Our Religious Leaders
Why were Aaron’s two sons, Nadab and Abihu, struck dead in the desert tabernacle (mishkan)? Everything was all set for the inauguration of regular sacrificial worship in the mishkan, and then this tragedy—why?
The Torah seems to suggest several answers. To begin with, it says that Nadab and Abihu had brought a “foreign fire” (esh zara) into the mishkan just before the incident. Fire itself could hardly be called “foreign”; most commentators believe this is a reference to the incense that burned inside the mishkan. If so, then saying that the incense was a foreign might mean that it had been put in the innermost part of the mishkan, where it would indeed be foreign. Or perhaps their offering was foreign in the sense that the coals that they had put in their incense pans had come from an ordinary “outside” source rather than from the incense altar itself. Or perhaps they had somehow omitted from, or added to, the required ingredients of an incense offering, or had put the proper ingredients in the wrong proportion—either way making their incense “foreign.”
Then again, it might be Nadab and Abihu were drunk, or even just a little tipsy, at the time. After all, not long afterwards, God says to Aaron, “Do not drink wine or any other liquor, you and your sons, when you enter the Tent of Meeting, lest you die” (Lev 10:8). Was not this a subtle hint as to the cause of Aaron’s two sons’ death?
Whatever the precise reason, or combination of reasons, what seems most significant is what Moses says to Aaron immediately after his sons have been struck dead: “This is what the Lord [intended by] saying: ‘I will be sanctified by those close to Me, and I will be honored before all the people.’ And Aaron kept still.” Apparently, this is the lesson of the whole incident. But what do these words mean exactly?
“Those close to Me” refers to the kohanim, the priests who bring offerings in the mishkan and are closest to the Holy of Holies. (Ezek 42:13 similarly refers to “the kohanim who are close to the Lord.”) If so, I think a somewhat freer, but clearer, translation might be: “This is what the Lord [intended by] saying: ‘If the kohanim respect My sanctity, then I will be honored by all the people.’” For whatever reason—by putting their incense in the wrong place, or having made it from the wrong ingredients, or in the wrong proportions, or any of the other explanations offered—Nadab and Abihu did not properly respect God’s sanctity. This, God says, might in turn lead the whole nation into error.

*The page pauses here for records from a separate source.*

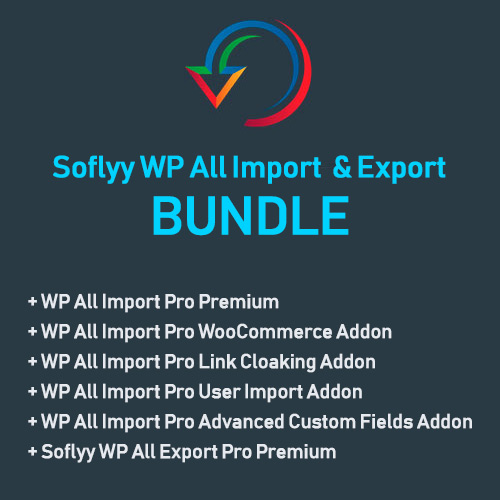 Soflyy WP All Import & Export ? BUNDLE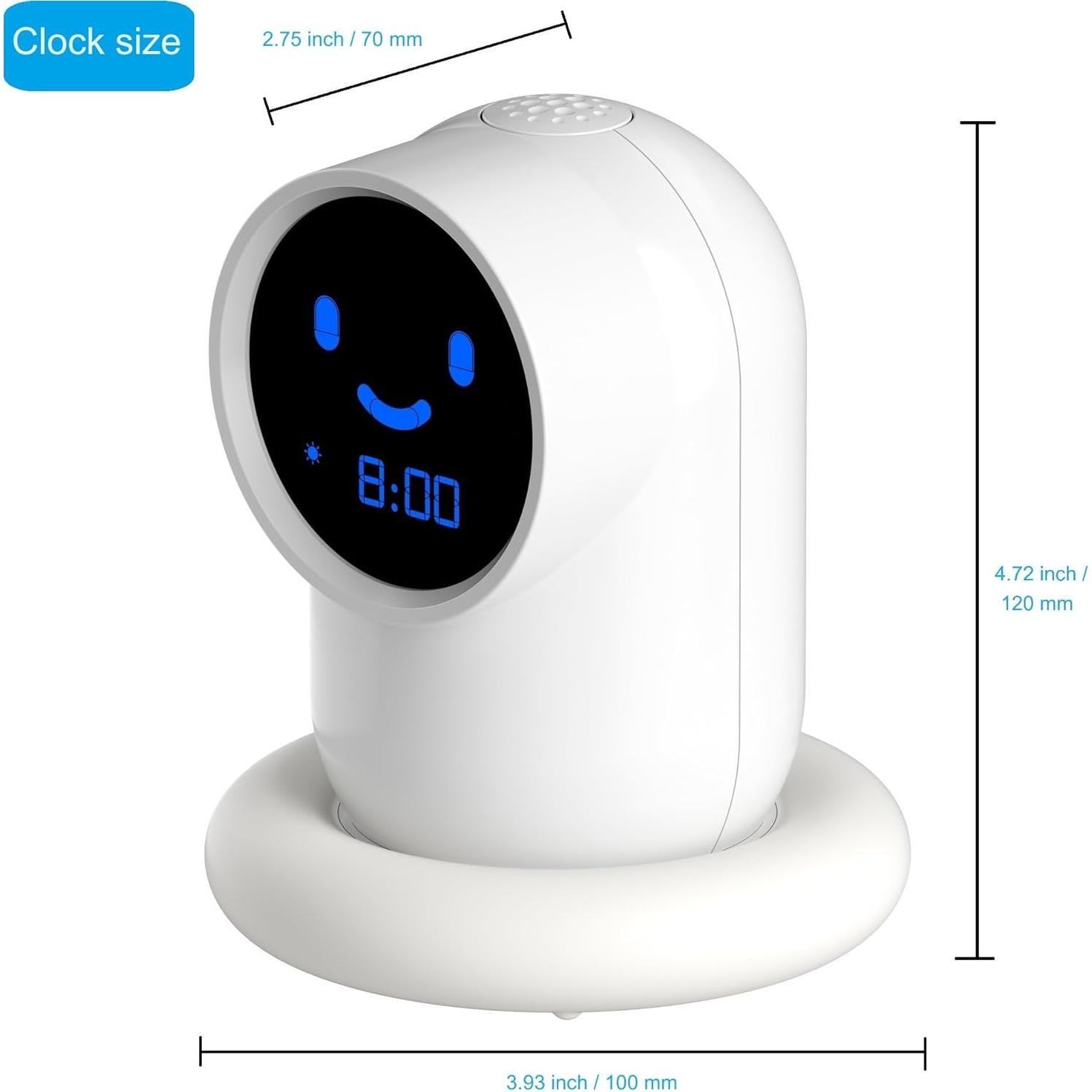 Reloj Despertador Digital Luuzuu Azul con LED y Temporizador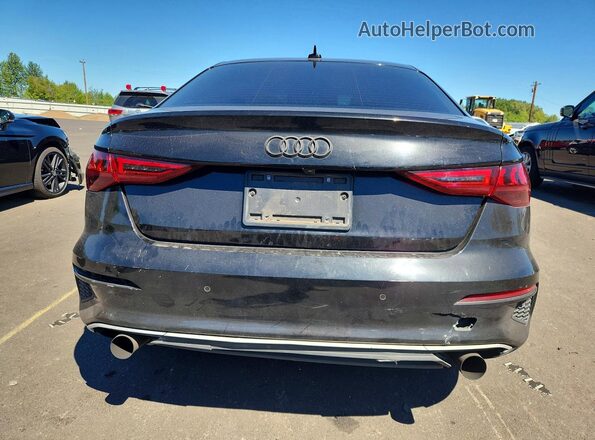 WAUHUDGYXNA059792 2022 AUDI A3 Black Հետևի տեսք
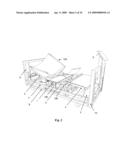 Bed with Adjustable Patient Support Framework diagram and image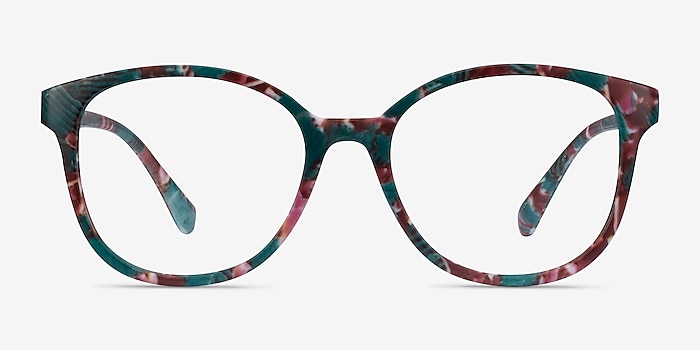 The Beat Floral Plastic Eyeglass Frames from EyeBuyDirect
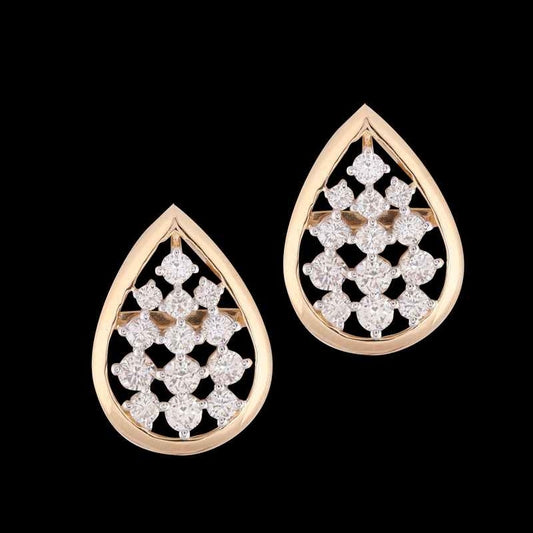 18 KT DIAMOND EARRING 3.576 Gms - MJ25ER36
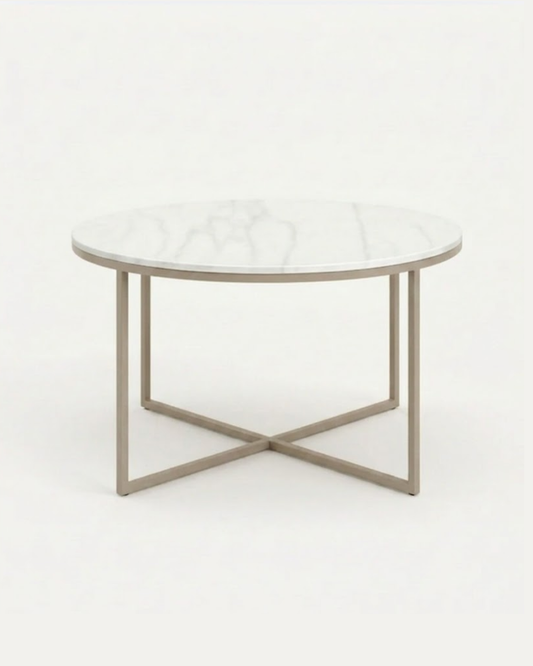 Mesa de Centro Joy de Mármol Blanco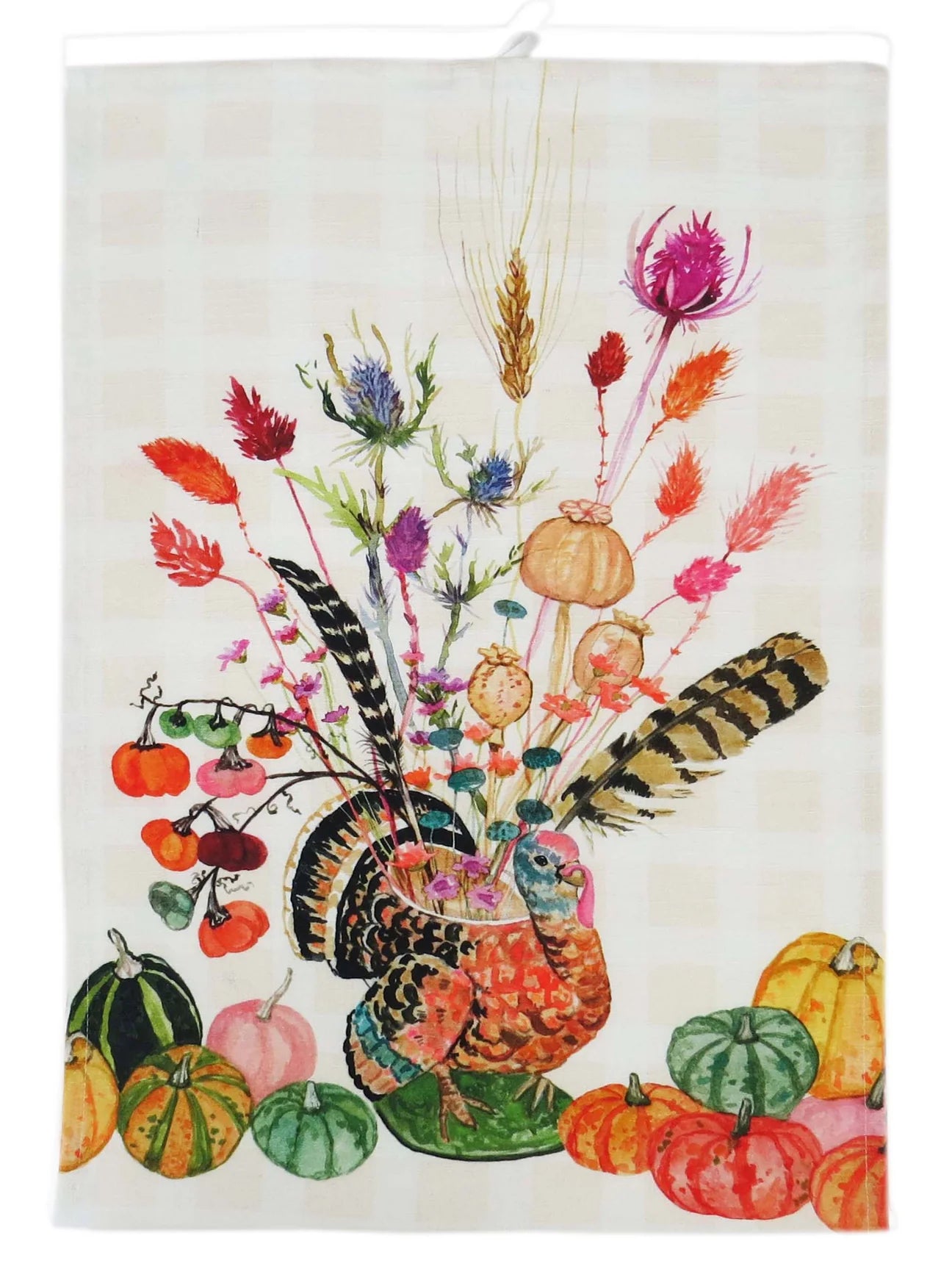 Turkey Vase Tea Towel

The underlying principle is that the people charged with being the closest to God are ipso facto held to a higher standard. If they are not meticulous in observing all the laws and restrictions connected with God’s sanctity (laws of ritual purity, all the regulations governing the offering of sacrifices, laws of marriage, and so forth), then how can the rest of people, watching from the sidelines, be expected to honor God properly? This is what Moses said to Aaron, and Aaron knew that he was right, so he remained silent and did not offer a word of protest.
It is difficult to read all this without thinking that it has a message for people today. Those “closest to God,” who in our day should be our rabbis and scholars and others who act as religious spokesmen, are likewise to be held to the highest standards. In reality, however, the opposite often seems to be the case. How many such leaders nowadays end up in court or in jail, convicted of theft on a massive scale, or simply of abusing their office for personal gain?
Others are just morally bankrupt, assuring their followers that any act is permissible, so long as it is done in the name of Judaism and/or the state of Israel. Or else they are just silent—not the silence of Aaron, who accepted the justice of Moses’ words, but the silence of the uninvolved. The case of Nadab and Abihu ought to give such “leaders” pause. Even if they haven’t committed an actual crime, have they really upheld the standard of “I will be sanctified by those close to Me”?